**Saved data entries:**
# # # #

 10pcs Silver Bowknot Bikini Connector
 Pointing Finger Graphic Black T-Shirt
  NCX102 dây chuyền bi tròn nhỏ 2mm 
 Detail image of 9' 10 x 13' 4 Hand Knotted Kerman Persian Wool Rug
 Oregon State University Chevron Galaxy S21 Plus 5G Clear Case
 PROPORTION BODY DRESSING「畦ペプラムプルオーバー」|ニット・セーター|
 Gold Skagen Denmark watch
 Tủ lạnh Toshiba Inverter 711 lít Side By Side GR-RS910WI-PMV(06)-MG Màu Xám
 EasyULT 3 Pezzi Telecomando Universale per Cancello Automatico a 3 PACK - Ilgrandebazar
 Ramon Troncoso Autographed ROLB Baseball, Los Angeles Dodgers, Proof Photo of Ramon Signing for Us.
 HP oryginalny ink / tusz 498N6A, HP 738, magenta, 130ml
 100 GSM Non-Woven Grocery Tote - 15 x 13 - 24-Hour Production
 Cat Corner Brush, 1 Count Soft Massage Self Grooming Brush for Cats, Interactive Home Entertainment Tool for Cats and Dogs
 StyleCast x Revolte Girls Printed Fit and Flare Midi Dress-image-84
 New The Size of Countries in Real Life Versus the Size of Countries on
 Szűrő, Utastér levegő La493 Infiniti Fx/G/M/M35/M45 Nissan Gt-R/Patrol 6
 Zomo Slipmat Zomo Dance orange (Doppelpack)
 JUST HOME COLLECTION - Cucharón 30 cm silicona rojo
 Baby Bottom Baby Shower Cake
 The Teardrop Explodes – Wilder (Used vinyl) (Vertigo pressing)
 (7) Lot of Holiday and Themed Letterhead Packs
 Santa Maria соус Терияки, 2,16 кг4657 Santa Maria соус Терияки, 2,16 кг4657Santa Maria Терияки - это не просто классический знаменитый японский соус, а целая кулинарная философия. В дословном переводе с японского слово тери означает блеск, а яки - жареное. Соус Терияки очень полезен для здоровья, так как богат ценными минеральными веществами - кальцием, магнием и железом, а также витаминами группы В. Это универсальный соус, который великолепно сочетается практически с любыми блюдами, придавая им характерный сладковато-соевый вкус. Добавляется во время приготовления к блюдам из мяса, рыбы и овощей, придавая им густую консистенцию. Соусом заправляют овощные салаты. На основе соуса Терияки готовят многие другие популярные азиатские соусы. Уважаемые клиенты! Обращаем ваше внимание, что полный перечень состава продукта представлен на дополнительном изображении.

# # # #

**TASK PROMPT:** Take the line containing "Szűrő, Utastér levegő" as the first line and the last line of the data above as the final one. Write out these lines and all between them exactly.

**TASK RESULT:**
 Szűrő, Utastér levegő La493 Infiniti Fx/G/M/M35/M45 Nissan Gt-R/Patrol 6
 Zomo Slipmat Zomo Dance orange (Doppelpack)
 JUST HOME COLLECTION - Cucharón 30 cm silicona rojo
 Baby Bottom Baby Shower Cake
 The Teardrop Explodes – Wilder (Used vinyl) (Vertigo pressing)
 (7) Lot of Holiday and Themed Letterhead Packs
 Santa Maria соус Терияки, 2,16 кг4657 Santa Maria соус Терияки, 2,16 кг4657Santa Maria Терияки - это не просто классический знаменитый японский соус, а целая кулинарная философия. В дословном переводе с японского слово тери означает блеск, а яки - жареное. Соус Терияки очень полезен для здоровья, так как богат ценными минеральными веществами - кальцием, магнием и железом, а также витаминами группы В. Это универсальный соус, который великолепно сочетается практически с любыми блюдами, придавая им характерный сладковато-соевый вкус. Добавляется во время приготовления к блюдам из мяса, рыбы и овощей, придавая им густую консистенцию. Соусом заправляют овощные салаты. На основе соуса Терияки готовят многие другие популярные азиатские соусы. Уважаемые клиенты! Обращаем ваше внимание, что полный перечень состава продукта представлен на дополнительном изображении.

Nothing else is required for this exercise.